WORK INSTRUCTION:
Beneath this line are entries. Copy the range from the line with "Application du vernis" to the line with "Portalistini personalizzabile Uno", ends included, exactly; leave pictures out.

[[ DATA SUPPLIED open ]]

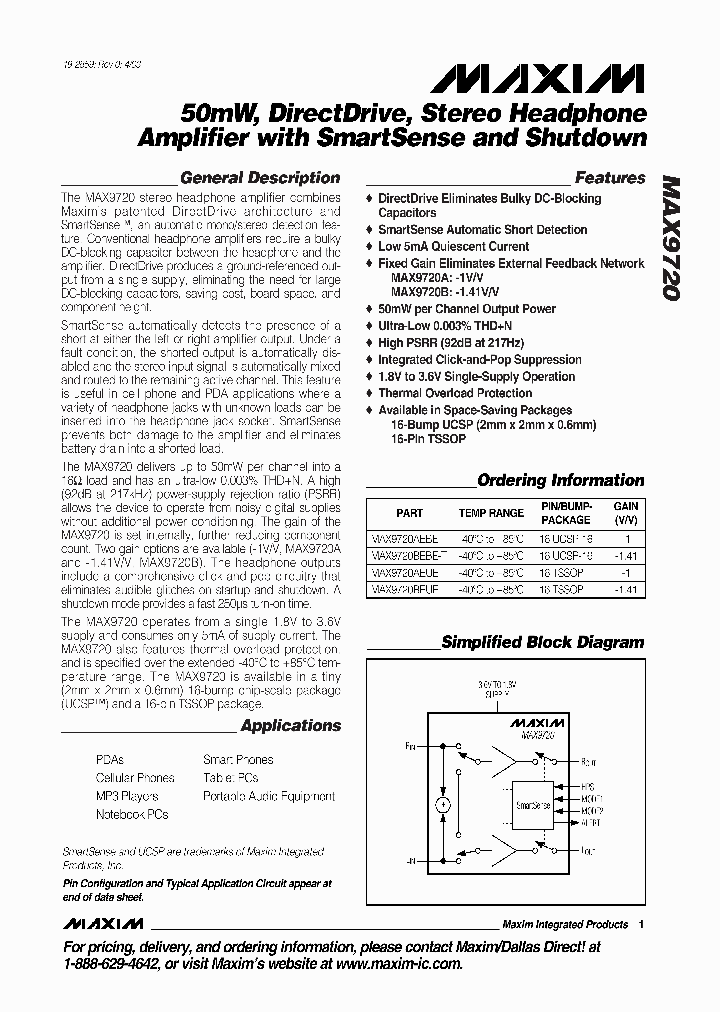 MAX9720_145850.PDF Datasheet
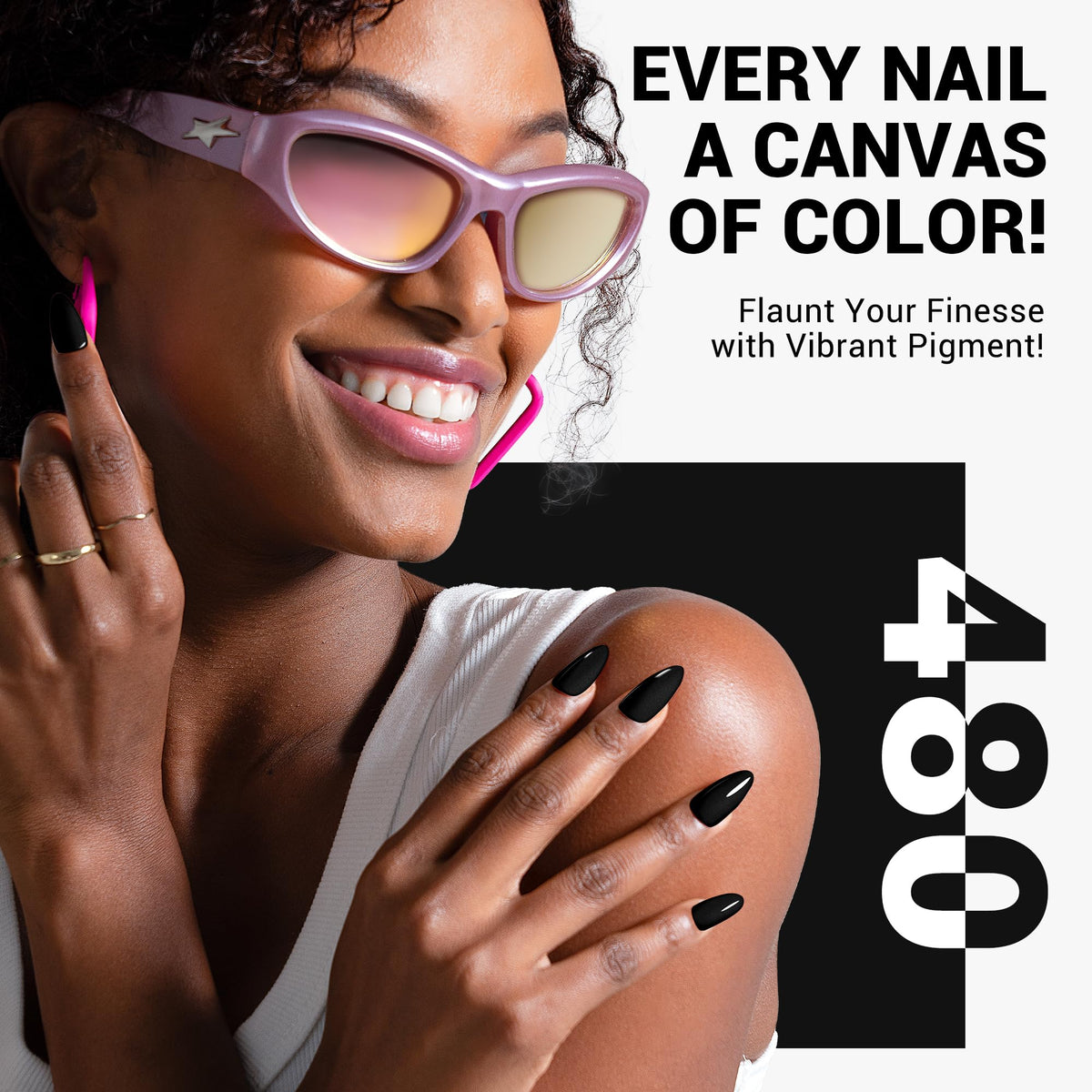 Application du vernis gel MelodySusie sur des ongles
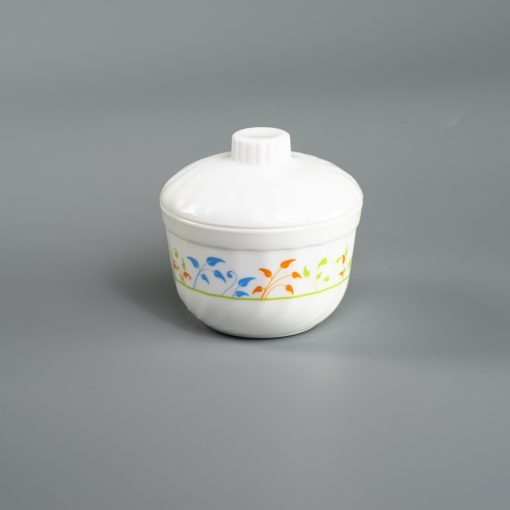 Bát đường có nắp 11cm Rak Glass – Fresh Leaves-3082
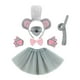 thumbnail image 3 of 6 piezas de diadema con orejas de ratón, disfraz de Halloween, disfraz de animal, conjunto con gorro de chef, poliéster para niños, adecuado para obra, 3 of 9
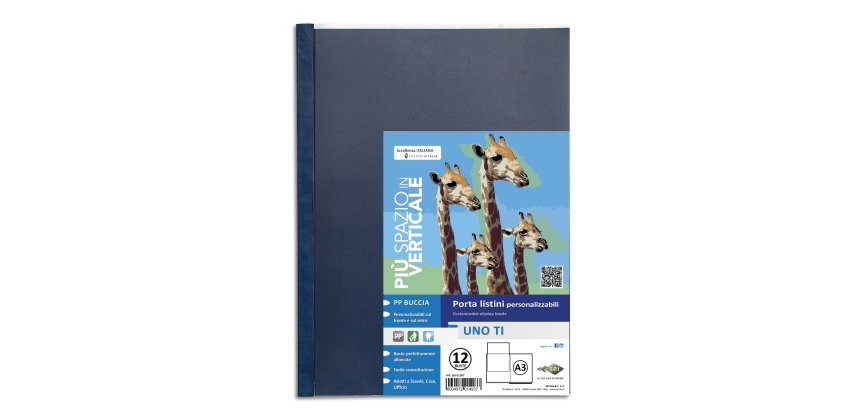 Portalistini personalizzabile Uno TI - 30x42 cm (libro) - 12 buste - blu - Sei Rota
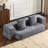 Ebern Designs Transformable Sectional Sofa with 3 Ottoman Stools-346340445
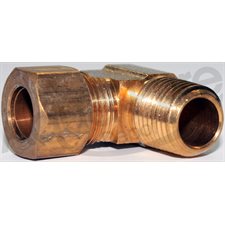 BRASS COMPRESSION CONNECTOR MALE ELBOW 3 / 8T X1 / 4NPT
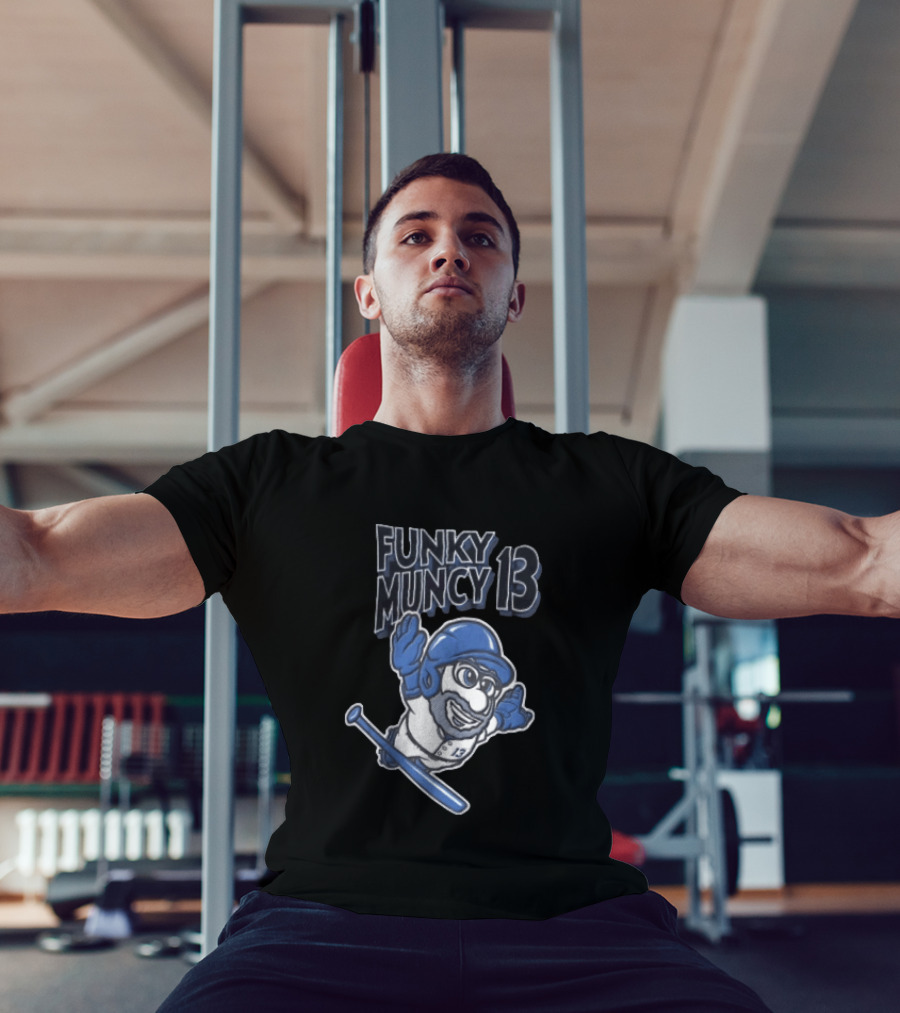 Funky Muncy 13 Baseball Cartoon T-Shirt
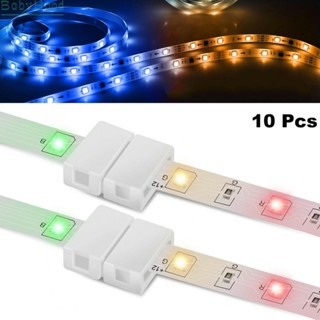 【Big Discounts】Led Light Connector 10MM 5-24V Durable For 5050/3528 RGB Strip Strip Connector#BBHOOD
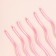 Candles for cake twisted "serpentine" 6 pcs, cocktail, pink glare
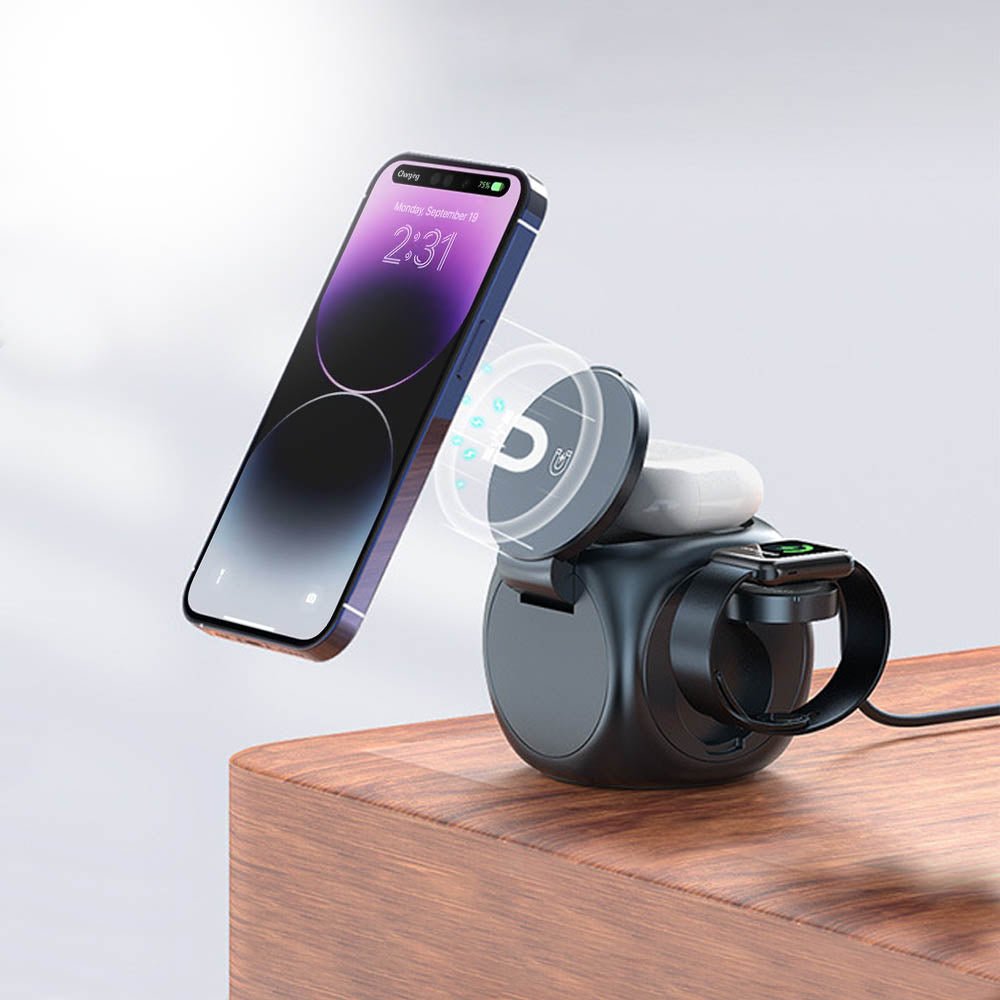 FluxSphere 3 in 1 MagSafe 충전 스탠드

[[ DATA SUPPLIED closed ]]

TASK OUTPUT:
 Application du vernis gel MelodySusie sur des ongles
 Bát đường có nắp 11cm Rak Glass – Fresh Leaves-3082
 thumbnail image 3 of 6 piezas de diadema con orejas de ratón, disfraz de Halloween, disfraz de animal, conjunto con gorro de chef, poliéster para niños, adecuado para obra, 3 of 9
 Portalistini personalizzabile Uno TI - 30x42 cm (libro) - 12 buste - blu - Sei Rota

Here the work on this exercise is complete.